I JOINED the crowds heading into an Edward Hopper show at the Fondazione Roma the other morning. Organized in collaboration with the Whitney Museum of American Art in New York (most of the works come from there), the exhibition has been a hit here. In a country with what often seems like the most refined taste in the world and no taste at all, it owes something to a cheesy full-scale reconstruction of the “Nighthawks” diner in the first gallery. Visitors snap pictures of themselves posing beside fedora-clad mannequins slumped stiffly over the counter. There’s another, better gimmick too, a room with pencils and stacks of white paper, where doodlers copy Hopper’s drawings. Reproductions are projected onto the stacks, so lines can be easily traced, and people labor over their tracings, then tote them around the show like diplomas. (By people, of course, I mean me.)

Which got me thinking: Just how global is art? I quizzed some Italians and also a few New Yorkers at the exhibition, and it wasn’t that the Italians didn’t “get” Hopper, or didn’t like him. He’s world famous by now, beloved, and the Italians easily brought up the links to film noir and Antonioni. But New Yorkers, naturally, spoke quite differently about him.

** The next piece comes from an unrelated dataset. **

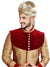 Luxurious Gold Maroon Idian Wedding Indo-Western Sherwani for Men -RK1201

Hopper’s work, like all good art, remains local on some crucial level, and that’s no doubt just as true for those Italian, French and German old master paintings that fill museums from Tokyo to Tulsa and epitomize what we have come to think of as universal Western art. Italians from the small Umbrian village of Montefalco will tell you that they see in the Renaissance works of Benozzo Gozzoli, their hometown hero, a landscape and light that doesn’t make the same impact on people who didn’t grow up there. These visceral reactions are acquired through firsthand experience.

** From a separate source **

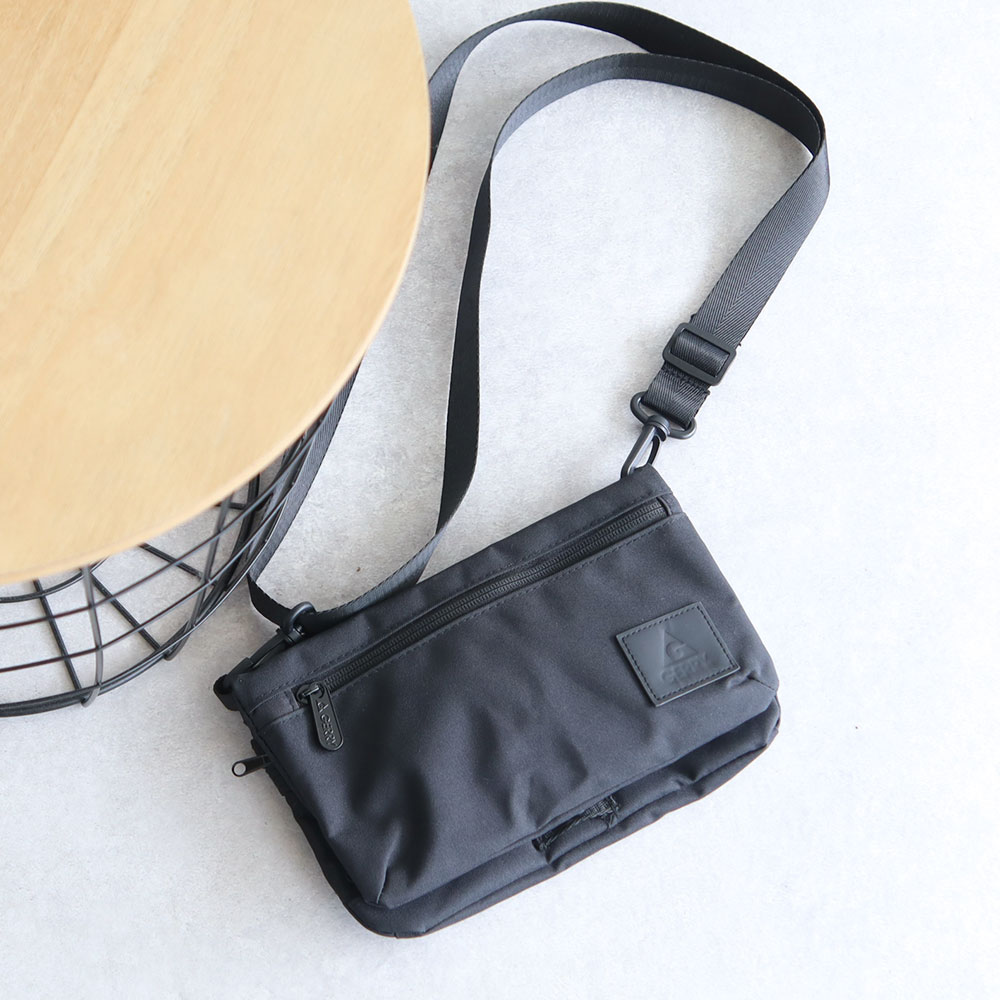 gerry サコッシュ ショルダー バッグ 撥水 2way ポーチ メンズ レディース 斜めがけ 軽量 薄型 小型 ミニ 多機能 便利 ユニセックス 鞄 2183 ジェリー 爆買 | GERRY | 02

No matter how much culture has become globalized, art retains meanings specific to a certain time and place. Good art does, anyway (which accounts for why too much not-so-good contemporary art, aimed at the global marketplace, looks generic and everywhere alike). Those meanings come, as it were, bred in the bone. Hopper is an American exemplar.

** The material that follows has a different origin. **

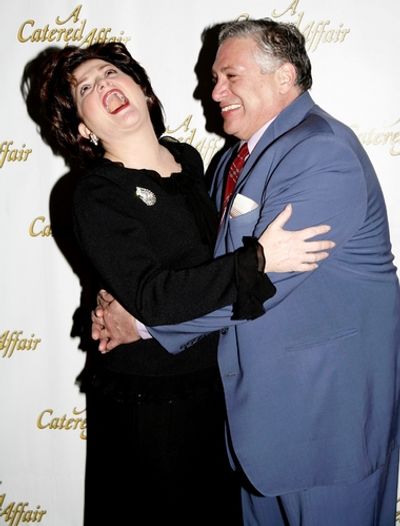 Faith Prince and Harvey Fierstein Photo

Although he visited Paris early on, he always denied any lasting French influence. But clearly he picked up plenty of ideas from Manet, Degas and Daumier, European masters of modern alienation, then did far more than merely substitute the Williamsburg Bridge and the Sheridan Theater for the Pont Neuf and Longchamp. He recognized how all those bridges and high-rises reaching for heaven and all those wide-open spaces and country barns in spring-green fields were clichés of an America whose population numbered countless people leading interior, often profoundly solitary lives.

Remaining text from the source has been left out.